A Maternidade de Campinas decidiu cadastrar neste mês 15 doulas - profissionais que acompanham gestantes antes, durante e depois do parto, oferecendo suporte emocional e físico -, depois de um protesto organizado em novembro contra a restrição ao número de pessoas na sala de cirurgia. Desde agosto, a unidade limitou o número de acompanhantes no parto a uma pessoa, o que restringe, na prática, o trabalho das doulas - medida semelhante foi adotada recentemente por dois hospitais paulistanos.

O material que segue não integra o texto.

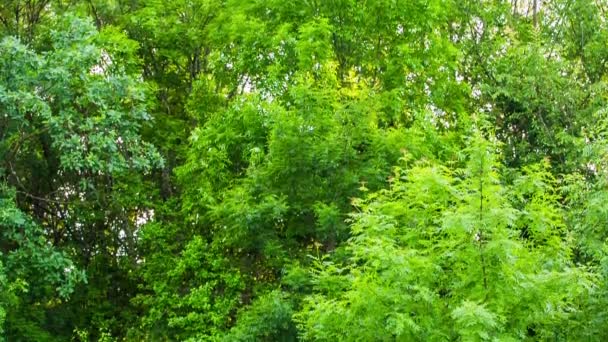 กองขยะบนหญ้าสีเขียวในป่า — วีดีโอสต็อก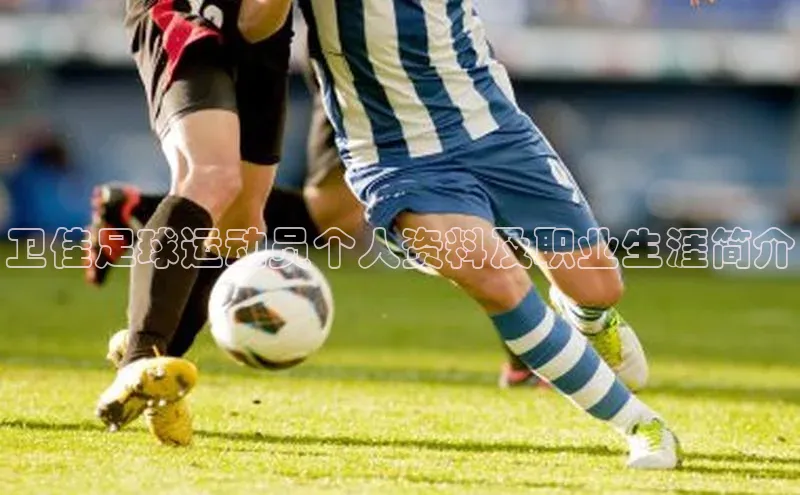 Vsport体育平台百度数据开放平台卫佳足球运动员个人资料及职业生涯简介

RICARDO BRANDT, CORRESPONDENTE, Agência Estado

29 de janeiro de 2013 | 09h30

As profissionais que se inscreveram na Maternidade de Campinas passarão por seleção (que incluirá uma prova e um curso) e serão liberadas para atuar dentro da maternidade nos partos humanizados. A decisão, porém, é criticada por mães e profissionais. "A medida é restritiva. Pela proposta, a doula deverá ter carta do obstetra, cinco partos realizados, passar por entrevista, prova e um curso. Essas medidas vão contra o que orienta o Ministério da Saúde", afirma a doula e fisioterapeuta Renata Olah.

"A doula não é uma acompanhante e sim parte da equipe que auxilia no bem-estar da mulher. Muita gente se recusa a reconhecer a gente como profissional", afirma Renata. O Ministério da Saúde, que reconhece o trabalho de parteiras tradicionais e incentiva a participação de doulas nos hospitais públicos, assinou em março um convênio com a Universidade de Brasília para o programa Doulas no SUS, de formação das profissionais.

Polêmica

Na semana passada, o tema voltou a causar polêmica depois que dois hospitais de São Paulo (Hospital e Maternidade Santa Joana e a Maternidade Pro Matre) limitaram o número de acompanhantes no parto para uma pessoa. Em protesto, doulas e mães organizam uma manifestação na Avenida Paulista (mais informações nesta pág.). Em Campinas, a Maternidade - maior unidade da rede pública da cidade - informou que tomou a medida para regulamentar a atuação da doula durante todo o processo do parto, dentro das normas e rotinas da instituição.

O processo seletivo será realizado até duas vezes por ano. Para participar, as mulheres devem ter no mínimo 18 anos. Entre os documentos exigidos estão certificado de capacitação de doula com carga horária mínima de 32 horas, CPF, RG, uma carta de indicação de um médico e comprovantes do acompanhamento de, no mínimo, cinco partos.

A funcionária pública Priscila Kojo, de 34 anos, está prestes a dar à luz na Maternidade de Campinas. "Optei pelo parto normal e quero contar com a doula e com o meu marido. Cada um me dará uma assistência diferente. Não acho correto excluir a doula." As informações são do jornal O Estado de S.Paulo.